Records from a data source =
◆ ◆ ◆ ◆ ◆

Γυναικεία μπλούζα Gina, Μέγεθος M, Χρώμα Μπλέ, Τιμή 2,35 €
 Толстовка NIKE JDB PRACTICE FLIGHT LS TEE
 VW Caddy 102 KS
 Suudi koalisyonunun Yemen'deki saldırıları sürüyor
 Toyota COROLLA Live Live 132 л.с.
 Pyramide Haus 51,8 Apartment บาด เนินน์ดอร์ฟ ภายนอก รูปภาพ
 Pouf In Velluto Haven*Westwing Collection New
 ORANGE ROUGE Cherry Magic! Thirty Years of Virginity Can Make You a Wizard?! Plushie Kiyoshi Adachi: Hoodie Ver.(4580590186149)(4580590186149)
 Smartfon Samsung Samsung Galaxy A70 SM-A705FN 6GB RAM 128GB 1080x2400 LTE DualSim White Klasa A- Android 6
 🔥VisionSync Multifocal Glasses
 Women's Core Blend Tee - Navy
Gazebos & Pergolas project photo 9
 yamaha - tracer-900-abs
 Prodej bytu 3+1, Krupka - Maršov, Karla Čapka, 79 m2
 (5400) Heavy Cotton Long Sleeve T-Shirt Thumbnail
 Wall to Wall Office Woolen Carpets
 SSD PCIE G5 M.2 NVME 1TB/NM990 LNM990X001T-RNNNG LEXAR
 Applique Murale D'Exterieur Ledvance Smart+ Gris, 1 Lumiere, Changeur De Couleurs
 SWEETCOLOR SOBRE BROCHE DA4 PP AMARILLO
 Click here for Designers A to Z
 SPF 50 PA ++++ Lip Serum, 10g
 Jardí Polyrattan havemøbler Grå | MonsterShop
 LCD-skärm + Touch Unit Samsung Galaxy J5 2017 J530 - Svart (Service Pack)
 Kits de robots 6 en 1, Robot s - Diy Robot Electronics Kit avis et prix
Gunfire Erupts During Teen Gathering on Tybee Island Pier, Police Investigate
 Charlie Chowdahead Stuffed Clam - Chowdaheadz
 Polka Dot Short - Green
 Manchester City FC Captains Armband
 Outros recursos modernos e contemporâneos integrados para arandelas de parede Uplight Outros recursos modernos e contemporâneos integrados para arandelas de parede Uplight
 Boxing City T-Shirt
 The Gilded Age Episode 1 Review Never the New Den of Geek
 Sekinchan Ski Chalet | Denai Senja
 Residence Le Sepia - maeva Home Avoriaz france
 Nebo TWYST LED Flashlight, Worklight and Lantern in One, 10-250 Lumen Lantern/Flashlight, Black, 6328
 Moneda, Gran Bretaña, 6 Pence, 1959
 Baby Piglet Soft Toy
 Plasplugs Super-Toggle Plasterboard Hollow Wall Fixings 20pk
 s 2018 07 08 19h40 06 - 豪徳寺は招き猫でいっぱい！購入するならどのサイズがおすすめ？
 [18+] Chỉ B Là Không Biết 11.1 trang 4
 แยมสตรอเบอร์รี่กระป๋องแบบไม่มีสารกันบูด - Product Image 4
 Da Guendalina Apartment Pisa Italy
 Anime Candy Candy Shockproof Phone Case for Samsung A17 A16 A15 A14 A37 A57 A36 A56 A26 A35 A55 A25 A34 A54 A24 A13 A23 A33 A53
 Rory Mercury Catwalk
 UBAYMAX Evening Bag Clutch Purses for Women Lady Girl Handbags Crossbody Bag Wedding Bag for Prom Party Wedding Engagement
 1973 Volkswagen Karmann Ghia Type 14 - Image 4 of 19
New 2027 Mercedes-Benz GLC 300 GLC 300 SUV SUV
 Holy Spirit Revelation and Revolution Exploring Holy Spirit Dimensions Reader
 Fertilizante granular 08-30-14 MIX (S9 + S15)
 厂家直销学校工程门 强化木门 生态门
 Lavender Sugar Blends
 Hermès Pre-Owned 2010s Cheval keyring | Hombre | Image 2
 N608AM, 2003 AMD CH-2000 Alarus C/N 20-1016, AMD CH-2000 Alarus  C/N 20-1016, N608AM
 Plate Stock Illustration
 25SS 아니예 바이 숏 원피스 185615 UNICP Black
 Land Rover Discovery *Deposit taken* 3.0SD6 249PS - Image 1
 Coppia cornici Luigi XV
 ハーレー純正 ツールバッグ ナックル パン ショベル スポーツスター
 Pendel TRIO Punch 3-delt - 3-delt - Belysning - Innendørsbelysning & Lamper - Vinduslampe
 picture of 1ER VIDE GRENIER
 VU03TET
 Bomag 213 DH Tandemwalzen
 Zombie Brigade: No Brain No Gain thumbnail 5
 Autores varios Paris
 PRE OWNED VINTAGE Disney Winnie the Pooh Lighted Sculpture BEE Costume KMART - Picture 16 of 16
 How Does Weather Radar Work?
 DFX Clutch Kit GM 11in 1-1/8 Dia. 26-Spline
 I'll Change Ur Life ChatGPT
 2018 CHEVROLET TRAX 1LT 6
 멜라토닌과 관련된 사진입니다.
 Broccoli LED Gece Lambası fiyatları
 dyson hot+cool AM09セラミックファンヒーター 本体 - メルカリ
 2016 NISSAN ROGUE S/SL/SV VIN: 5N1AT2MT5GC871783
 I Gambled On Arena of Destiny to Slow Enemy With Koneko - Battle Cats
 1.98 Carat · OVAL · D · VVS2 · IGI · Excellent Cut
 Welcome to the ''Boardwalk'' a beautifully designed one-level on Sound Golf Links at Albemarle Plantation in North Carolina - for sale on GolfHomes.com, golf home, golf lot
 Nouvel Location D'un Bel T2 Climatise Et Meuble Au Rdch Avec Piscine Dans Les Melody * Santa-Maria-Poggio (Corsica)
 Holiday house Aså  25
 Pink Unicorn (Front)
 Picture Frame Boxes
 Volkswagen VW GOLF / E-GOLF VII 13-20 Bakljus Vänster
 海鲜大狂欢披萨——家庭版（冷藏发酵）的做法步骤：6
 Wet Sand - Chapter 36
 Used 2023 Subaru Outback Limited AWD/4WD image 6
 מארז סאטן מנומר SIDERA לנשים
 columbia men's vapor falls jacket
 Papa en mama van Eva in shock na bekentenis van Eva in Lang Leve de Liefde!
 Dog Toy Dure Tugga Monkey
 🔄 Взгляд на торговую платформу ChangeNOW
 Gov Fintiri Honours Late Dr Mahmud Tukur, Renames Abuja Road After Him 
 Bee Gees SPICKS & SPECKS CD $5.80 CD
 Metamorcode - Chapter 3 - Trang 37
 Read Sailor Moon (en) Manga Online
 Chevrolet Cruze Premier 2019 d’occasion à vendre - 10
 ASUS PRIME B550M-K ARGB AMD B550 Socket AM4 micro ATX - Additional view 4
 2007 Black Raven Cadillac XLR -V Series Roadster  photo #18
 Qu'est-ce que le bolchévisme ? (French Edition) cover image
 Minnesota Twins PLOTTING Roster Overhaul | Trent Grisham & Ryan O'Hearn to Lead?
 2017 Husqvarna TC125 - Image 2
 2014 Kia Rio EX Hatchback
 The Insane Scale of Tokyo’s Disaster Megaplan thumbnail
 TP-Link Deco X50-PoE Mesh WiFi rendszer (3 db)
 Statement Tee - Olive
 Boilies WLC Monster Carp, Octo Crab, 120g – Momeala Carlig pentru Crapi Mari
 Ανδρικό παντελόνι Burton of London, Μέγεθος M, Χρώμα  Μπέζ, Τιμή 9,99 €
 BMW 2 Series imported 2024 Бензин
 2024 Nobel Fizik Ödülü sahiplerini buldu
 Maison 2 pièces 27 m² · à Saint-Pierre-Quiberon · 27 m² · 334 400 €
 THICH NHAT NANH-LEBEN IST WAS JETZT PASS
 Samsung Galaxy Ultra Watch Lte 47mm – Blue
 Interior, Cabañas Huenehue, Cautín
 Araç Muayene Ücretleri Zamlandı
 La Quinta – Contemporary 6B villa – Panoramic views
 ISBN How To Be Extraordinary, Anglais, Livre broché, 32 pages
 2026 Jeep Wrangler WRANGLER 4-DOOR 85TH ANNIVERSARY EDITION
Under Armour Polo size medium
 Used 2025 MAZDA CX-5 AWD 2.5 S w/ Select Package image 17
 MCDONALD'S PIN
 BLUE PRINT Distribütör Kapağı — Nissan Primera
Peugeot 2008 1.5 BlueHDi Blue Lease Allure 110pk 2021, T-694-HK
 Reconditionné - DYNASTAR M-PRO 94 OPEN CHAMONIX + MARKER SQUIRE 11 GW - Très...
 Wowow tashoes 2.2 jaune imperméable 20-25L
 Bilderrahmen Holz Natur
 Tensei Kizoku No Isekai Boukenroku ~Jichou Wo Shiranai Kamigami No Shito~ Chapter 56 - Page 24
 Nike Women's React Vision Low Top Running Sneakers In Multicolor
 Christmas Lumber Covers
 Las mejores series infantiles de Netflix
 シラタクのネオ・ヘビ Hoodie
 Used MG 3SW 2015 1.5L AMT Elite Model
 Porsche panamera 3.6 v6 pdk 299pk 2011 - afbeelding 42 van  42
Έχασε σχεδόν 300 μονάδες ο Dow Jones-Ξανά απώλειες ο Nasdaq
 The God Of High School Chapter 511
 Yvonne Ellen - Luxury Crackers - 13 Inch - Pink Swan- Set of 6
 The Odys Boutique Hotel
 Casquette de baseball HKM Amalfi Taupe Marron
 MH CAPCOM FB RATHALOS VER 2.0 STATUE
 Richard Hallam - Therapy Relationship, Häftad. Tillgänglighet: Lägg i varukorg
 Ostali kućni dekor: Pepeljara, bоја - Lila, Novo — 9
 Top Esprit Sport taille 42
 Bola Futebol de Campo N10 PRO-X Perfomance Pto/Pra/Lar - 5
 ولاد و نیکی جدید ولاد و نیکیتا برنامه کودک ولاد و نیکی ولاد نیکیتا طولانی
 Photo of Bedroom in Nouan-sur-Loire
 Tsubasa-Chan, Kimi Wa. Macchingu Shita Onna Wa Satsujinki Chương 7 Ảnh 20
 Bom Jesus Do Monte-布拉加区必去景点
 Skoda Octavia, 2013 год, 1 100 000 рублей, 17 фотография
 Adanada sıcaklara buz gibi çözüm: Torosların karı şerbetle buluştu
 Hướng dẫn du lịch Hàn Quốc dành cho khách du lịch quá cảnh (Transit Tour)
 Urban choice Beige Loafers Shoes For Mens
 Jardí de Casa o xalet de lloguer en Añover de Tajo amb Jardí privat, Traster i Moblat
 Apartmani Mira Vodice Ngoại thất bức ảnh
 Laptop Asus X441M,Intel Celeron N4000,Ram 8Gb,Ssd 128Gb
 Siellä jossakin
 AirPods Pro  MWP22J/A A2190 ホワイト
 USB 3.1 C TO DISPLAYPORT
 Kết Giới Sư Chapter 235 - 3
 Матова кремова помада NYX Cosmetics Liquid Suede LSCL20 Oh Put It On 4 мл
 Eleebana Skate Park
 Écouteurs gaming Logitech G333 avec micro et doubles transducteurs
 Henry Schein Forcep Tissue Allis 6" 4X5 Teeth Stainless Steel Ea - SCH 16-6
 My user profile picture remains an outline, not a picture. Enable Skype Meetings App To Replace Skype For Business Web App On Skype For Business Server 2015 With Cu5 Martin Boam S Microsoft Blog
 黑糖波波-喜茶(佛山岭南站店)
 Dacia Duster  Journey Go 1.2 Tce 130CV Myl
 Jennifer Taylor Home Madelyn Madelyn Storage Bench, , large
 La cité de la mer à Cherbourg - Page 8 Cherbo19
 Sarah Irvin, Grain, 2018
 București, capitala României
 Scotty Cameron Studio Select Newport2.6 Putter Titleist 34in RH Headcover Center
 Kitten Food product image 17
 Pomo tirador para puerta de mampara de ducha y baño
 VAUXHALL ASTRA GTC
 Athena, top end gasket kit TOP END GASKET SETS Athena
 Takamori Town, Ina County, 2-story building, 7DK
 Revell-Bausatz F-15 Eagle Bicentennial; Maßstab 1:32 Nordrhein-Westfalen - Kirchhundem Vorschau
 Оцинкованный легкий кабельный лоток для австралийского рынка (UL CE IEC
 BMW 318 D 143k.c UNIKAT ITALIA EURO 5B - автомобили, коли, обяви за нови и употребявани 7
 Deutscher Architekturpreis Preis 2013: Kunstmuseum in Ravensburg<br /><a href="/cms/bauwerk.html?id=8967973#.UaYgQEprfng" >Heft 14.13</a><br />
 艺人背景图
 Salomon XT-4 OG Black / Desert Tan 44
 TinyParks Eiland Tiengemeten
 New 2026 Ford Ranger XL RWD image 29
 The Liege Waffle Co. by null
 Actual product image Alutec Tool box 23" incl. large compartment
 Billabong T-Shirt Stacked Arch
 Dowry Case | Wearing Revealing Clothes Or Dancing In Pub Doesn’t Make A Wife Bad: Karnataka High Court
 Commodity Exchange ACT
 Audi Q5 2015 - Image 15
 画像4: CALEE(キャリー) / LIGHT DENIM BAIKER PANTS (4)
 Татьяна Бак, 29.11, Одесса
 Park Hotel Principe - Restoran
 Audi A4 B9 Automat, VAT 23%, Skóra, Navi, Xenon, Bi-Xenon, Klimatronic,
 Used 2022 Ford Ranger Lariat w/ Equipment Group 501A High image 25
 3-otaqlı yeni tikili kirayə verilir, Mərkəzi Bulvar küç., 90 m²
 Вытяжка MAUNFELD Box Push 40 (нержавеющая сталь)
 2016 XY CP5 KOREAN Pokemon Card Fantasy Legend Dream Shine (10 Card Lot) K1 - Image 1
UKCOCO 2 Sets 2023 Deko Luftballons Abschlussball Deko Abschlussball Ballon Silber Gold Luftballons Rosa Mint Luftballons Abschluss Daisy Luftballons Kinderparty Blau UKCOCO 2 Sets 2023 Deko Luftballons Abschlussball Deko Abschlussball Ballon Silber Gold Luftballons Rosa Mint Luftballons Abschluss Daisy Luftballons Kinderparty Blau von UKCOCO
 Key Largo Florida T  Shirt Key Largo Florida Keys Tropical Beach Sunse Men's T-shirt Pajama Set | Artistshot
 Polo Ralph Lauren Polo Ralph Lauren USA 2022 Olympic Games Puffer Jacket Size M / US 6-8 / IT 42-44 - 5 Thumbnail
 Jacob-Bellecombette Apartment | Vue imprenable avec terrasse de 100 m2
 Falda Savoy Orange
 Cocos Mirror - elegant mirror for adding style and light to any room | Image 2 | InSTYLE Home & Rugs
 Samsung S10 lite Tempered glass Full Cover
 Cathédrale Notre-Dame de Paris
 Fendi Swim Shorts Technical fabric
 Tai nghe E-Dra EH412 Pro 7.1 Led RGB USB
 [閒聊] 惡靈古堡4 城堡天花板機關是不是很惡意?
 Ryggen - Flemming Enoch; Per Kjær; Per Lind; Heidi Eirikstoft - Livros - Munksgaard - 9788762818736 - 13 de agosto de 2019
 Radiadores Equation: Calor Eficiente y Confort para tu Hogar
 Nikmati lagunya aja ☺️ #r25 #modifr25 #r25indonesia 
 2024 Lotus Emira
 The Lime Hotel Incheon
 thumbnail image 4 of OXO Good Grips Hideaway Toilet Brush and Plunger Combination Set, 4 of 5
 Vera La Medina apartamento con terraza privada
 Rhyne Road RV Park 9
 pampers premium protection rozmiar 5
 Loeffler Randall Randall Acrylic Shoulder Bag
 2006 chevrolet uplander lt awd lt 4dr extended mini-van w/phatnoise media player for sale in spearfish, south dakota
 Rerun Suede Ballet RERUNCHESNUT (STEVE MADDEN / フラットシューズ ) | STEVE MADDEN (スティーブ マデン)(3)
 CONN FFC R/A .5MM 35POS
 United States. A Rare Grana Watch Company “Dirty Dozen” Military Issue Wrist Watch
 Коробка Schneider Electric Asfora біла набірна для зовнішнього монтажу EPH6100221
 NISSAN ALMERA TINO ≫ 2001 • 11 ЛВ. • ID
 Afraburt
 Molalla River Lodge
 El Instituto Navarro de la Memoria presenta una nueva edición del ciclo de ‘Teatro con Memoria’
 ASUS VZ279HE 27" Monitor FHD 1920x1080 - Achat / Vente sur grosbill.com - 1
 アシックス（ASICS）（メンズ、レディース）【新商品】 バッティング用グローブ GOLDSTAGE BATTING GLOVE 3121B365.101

◆ ◆ ◆ ◆ ◆

Write out, exactly as shown, only the lines running from the one that contains "Вытяжка MAUNFELD Box" to the last line above.

 Вытяжка MAUNFELD Box Push 40 (нержавеющая сталь)
 2016 XY CP5 KOREAN Pokemon Card Fantasy Legend Dream Shine (10 Card Lot) K1 - Image 1
UKCOCO 2 Sets 2023 Deko Luftballons Abschlussball Deko Abschlussball Ballon Silber Gold Luftballons Rosa Mint Luftballons Abschluss Daisy Luftballons Kinderparty Blau UKCOCO 2 Sets 2023 Deko Luftballons Abschlussball Deko Abschlussball Ballon Silber Gold Luftballons Rosa Mint Luftballons Abschluss Daisy Luftballons Kinderparty Blau von UKCOCO
 Key Largo Florida T  Shirt Key Largo Florida Keys Tropical Beach Sunse Men's T-shirt Pajama Set | Artistshot
 Polo Ralph Lauren Polo Ralph Lauren USA 2022 Olympic Games Puffer Jacket Size M / US 6-8 / IT 42-44 - 5 Thumbnail
 Jacob-Bellecombette Apartment | Vue imprenable avec terrasse de 100 m2
 Falda Savoy Orange
 Cocos Mirror - elegant mirror for adding style and light to any room | Image 2 | InSTYLE Home & Rugs
 Samsung S10 lite Tempered glass Full Cover
 Cathédrale Notre-Dame de Paris
 Fendi Swim Shorts Technical fabric
 Tai nghe E-Dra EH412 Pro 7.1 Led RGB USB
 [閒聊] 惡靈古堡4 城堡天花板機關是不是很惡意?
 Ryggen - Flemming Enoch; Per Kjær; Per Lind; Heidi Eirikstoft - Livros - Munksgaard - 9788762818736 - 13 de agosto de 2019
 Radiadores Equation: Calor Eficiente y Confort para tu Hogar
 Nikmati lagunya aja ☺️ #r25 #modifr25 #r25indonesia 
 2024 Lotus Emira
 The Lime Hotel Incheon
 thumbnail image 4 of OXO Good Grips Hideaway Toilet Brush and Plunger Combination Set, 4 of 5
 Vera La Medina apartamento con terraza privada
 Rhyne Road RV Park 9
 pampers premium protection rozmiar 5
 Loeffler Randall Randall Acrylic Shoulder Bag
 2006 chevrolet uplander lt awd lt 4dr extended mini-van w/phatnoise media player for sale in spearfish, south dakota
 Rerun Suede Ballet RERUNCHESNUT (STEVE MADDEN / フラットシューズ ) | STEVE MADDEN (スティーブ マデン)(3)
 CONN FFC R/A .5MM 35POS
 United States. A Rare Grana Watch Company “Dirty Dozen” Military Issue Wrist Watch
 Коробка Schneider Electric Asfora біла набірна для зовнішнього монтажу EPH6100221
 NISSAN ALMERA TINO ≫ 2001 • 11 ЛВ. • ID
 Afraburt
 Molalla River Lodge
 El Instituto Navarro de la Memoria presenta una nueva edición del ciclo de ‘Teatro con Memoria’
 ASUS VZ279HE 27" Monitor FHD 1920x1080 - Achat / Vente sur grosbill.com - 1
 アシックス（ASICS）（メンズ、レディース）【新商品】 バッティング用グローブ GOLDSTAGE BATTING GLOVE 3121B365.101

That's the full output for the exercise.